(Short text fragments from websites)

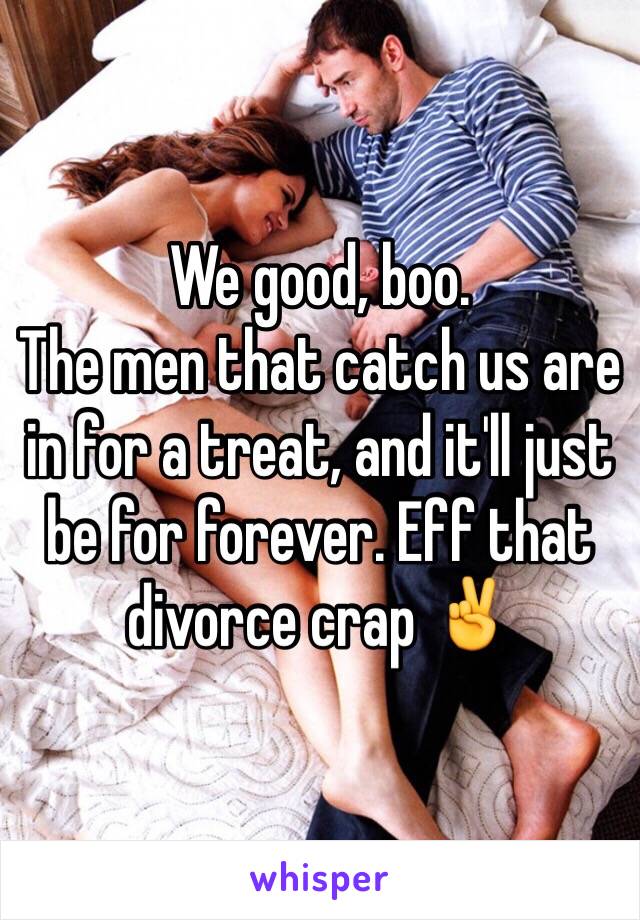 We good, boo.
The men that catch us are in for a treat, and it'll just be for forever. Eff that divorce crap ✌️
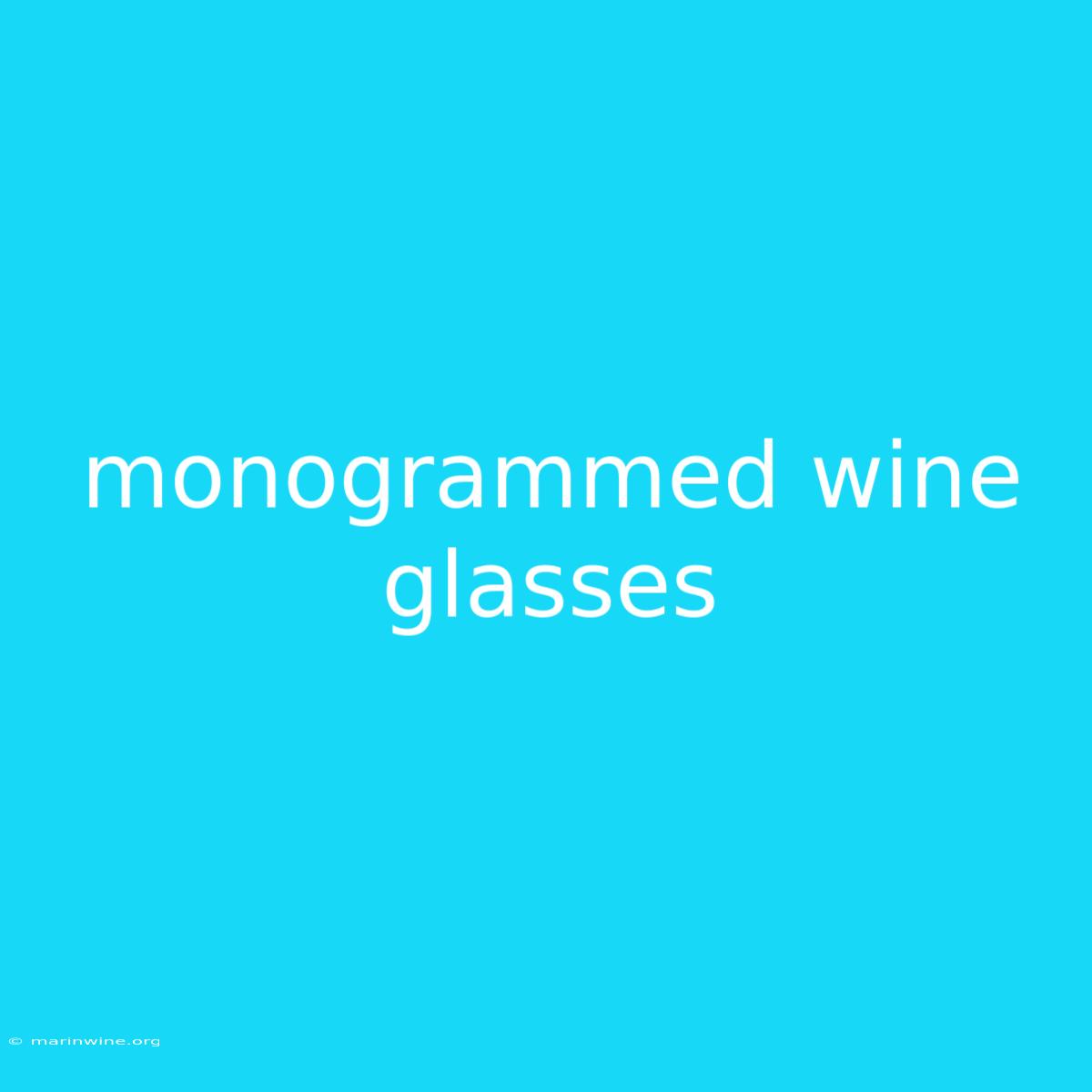 Monogrammed Wine Glasses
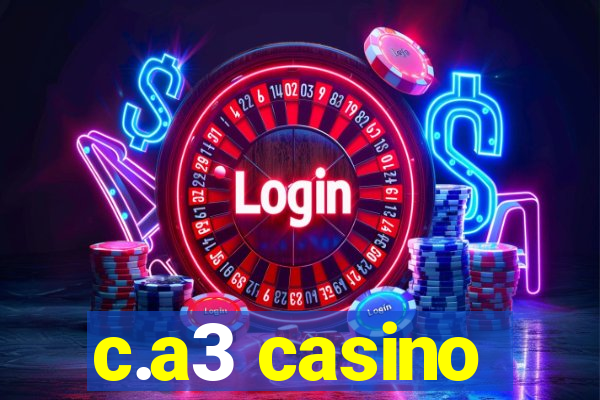 c.a3 casino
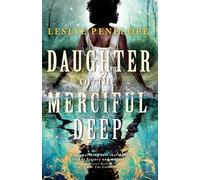 Leslye Penelope Daughter of the Merciful Deep (Tascabile)
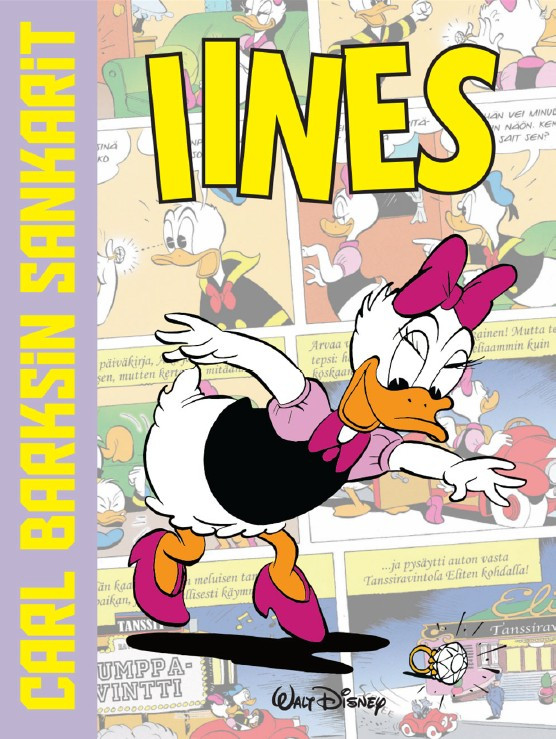Carl Barksin sankarit - Iines (ENNAKKOTILAUS)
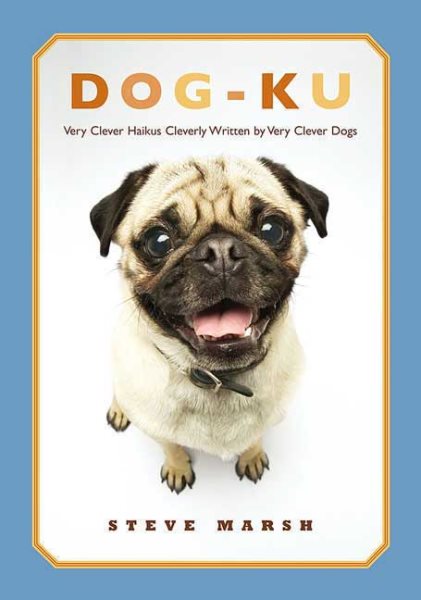 Dog-ku: Very Clever Haikus Cleverly Written by Very Clever Dogs cover
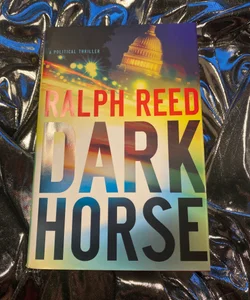 Dark Horse - A political thriller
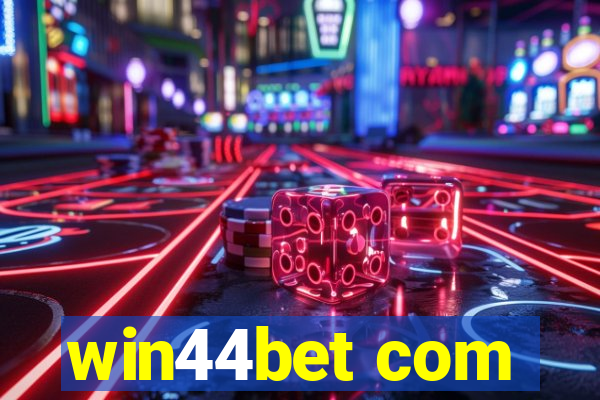 win44bet com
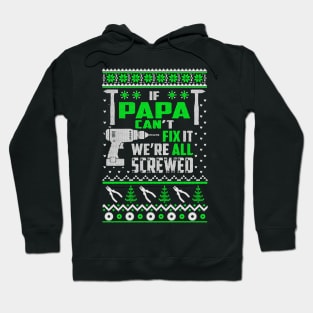 If papa can't fix it we're all screwed Hoodie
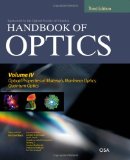 Handbook of Optics, Third Edition Volume IV: Optical Properties of Materials, Nonlinear Optics, Quantum Optics (set) 3rd 9780071498920 Front Cover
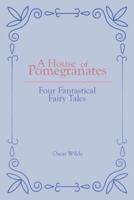 A House of Pomegranates: Four Fantastical Fairy Tales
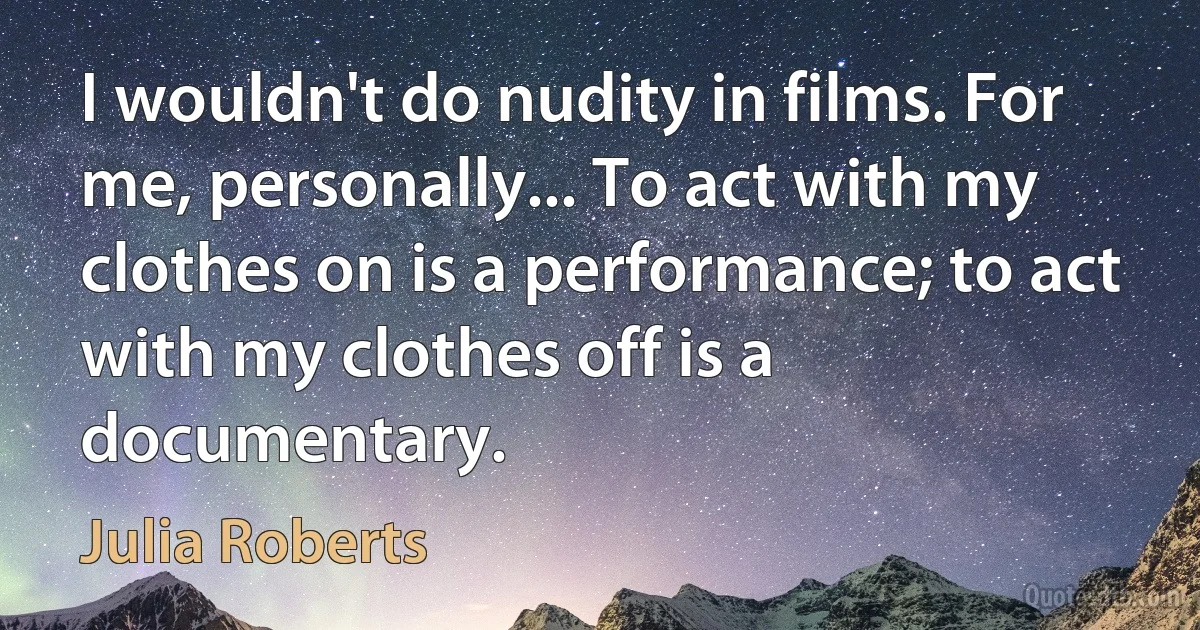 I wouldn't do nudity in films. For me, personally... To act with my clothes on is a performance; to act with my clothes off is a documentary. (Julia Roberts)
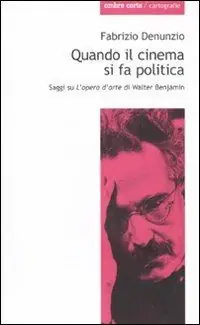 Quando il cinema si fa politica. Saggi su «L‘opera d‘arte» di Walter Benjamin Direttamente Dal Produttore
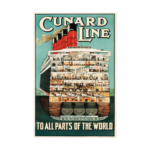 To all the parts of the world cunard line Poster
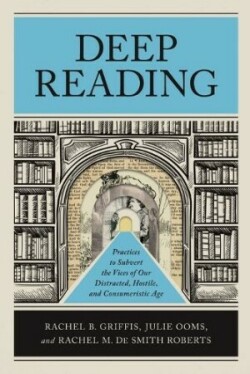 Deep Reading Practices to Subvert the Vices of Our Distracted, Hostile, and Consumeristic Age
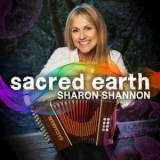 Sharon Shannon - Sacred Earth '2017 - Album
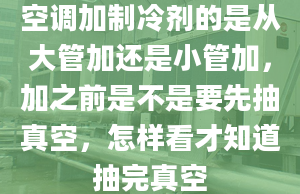 空调加制冷剂的是从大管加还是小管加，加之前是不是要先抽真空，怎样看才知道抽完真空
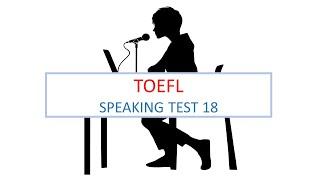TOEFL Speaking practice test 18, New version (2023)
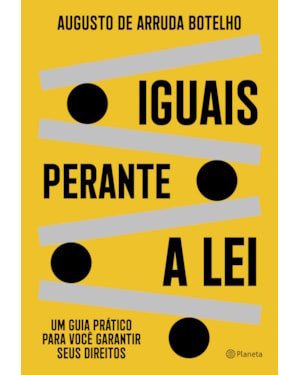 IGUAIS PERANTE A LEI: UM GUIA PRÁTICO PARA VOCÊ GARANTIR SEUS DIREITOS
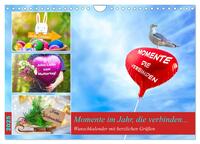 Vorderes Coverbild Momente im Jahr, die verbinden - Wunschkalender mit herzlichen Grüßen (Wandkalender 2025 DIN A4 quer), CALVENDO Monatskalender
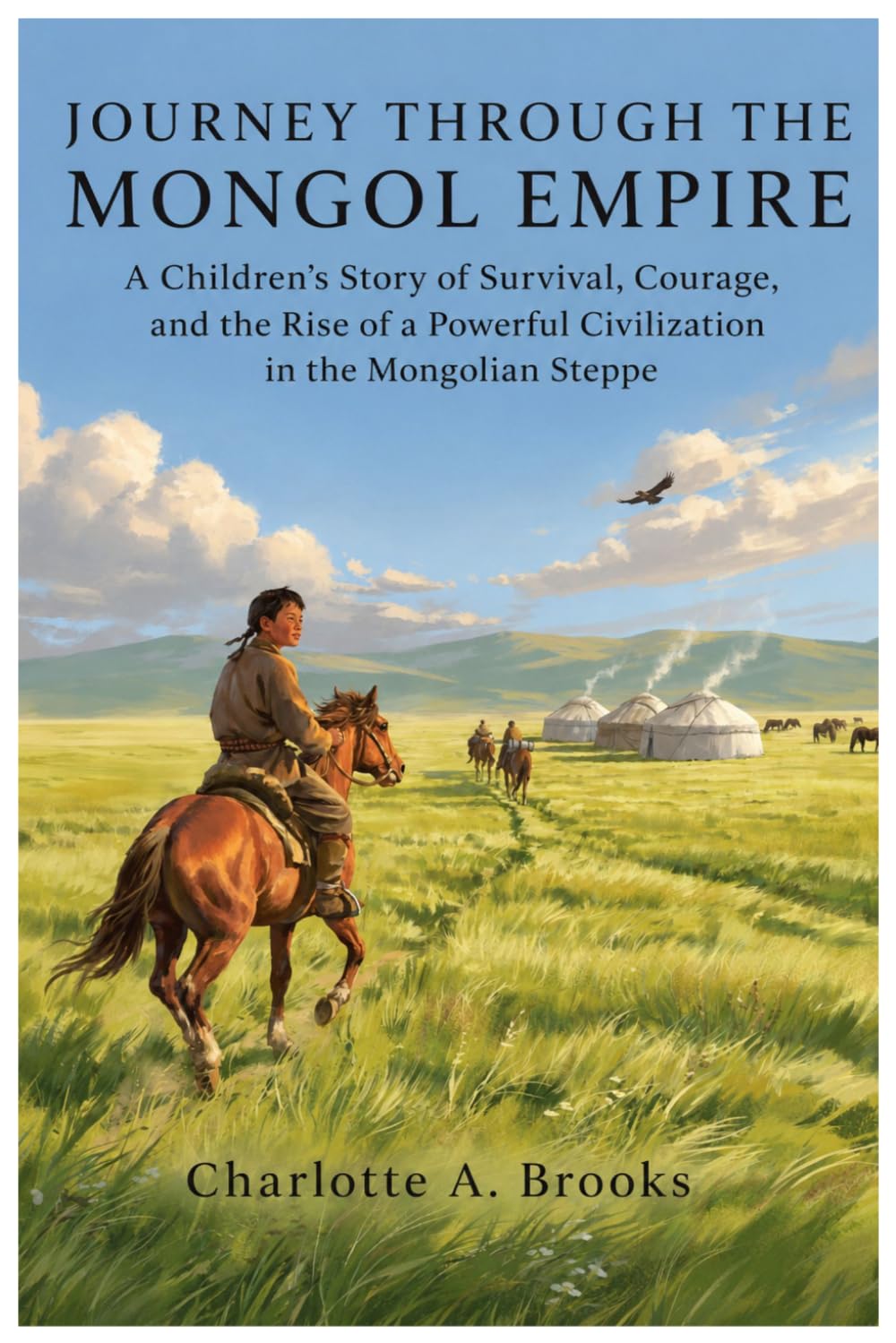 JOURNEY THROUGH THE MONGOL EMPIRE: A Children’s Story of Survival, Courage, and the Rise of a Powerful Civilization in the Mongolian Steppe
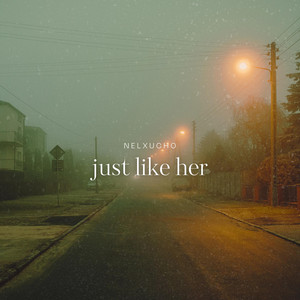 Just like her by Nelxucho
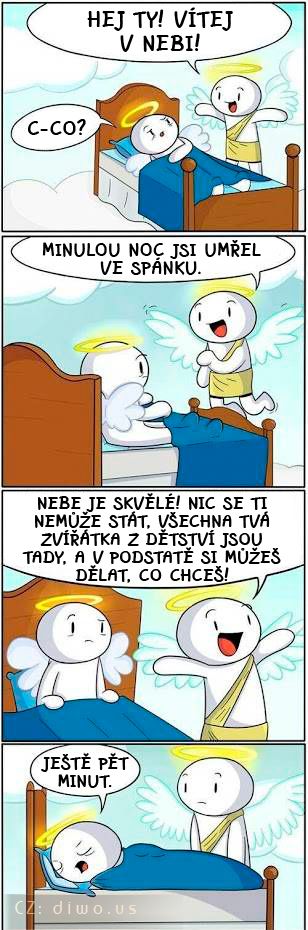 Diwous - nebe, ráj, anděl, postel, smrt ve spánku, vstávání, ještě pět minut, humor, vtip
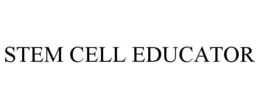 STEM CELL EDUCATOR trademark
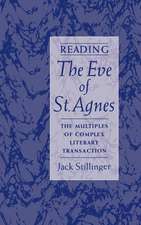 Reading The Eve of St Agnes: The Multiples of Complex Literary Transaction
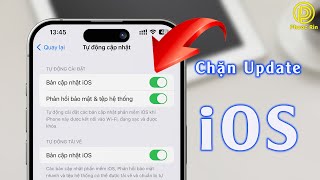 Hướng dẫn cách chặn cập nhật iOS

▶ [What is expected]:
Where a picture appears in the records above, omit it, and transcribe exactly the stretch of lines from the one with "To all the parts" through the one with "TOEFL Speaking practice".

▶ [Task result]:
 To all the parts of the world cunard line Poster
 Deep Reading Practices to Subvert the Vices of Our Distracted, Hostile, and Consumeristic Age
 Sharon Shannon - Sacred Earth '2017 - Album
 空调加制冷剂的是从大管加还是小管加，加之前是不是要先抽真空，怎样看才知道抽完真空
TOEFL Speaking practice test 18, New version (2023)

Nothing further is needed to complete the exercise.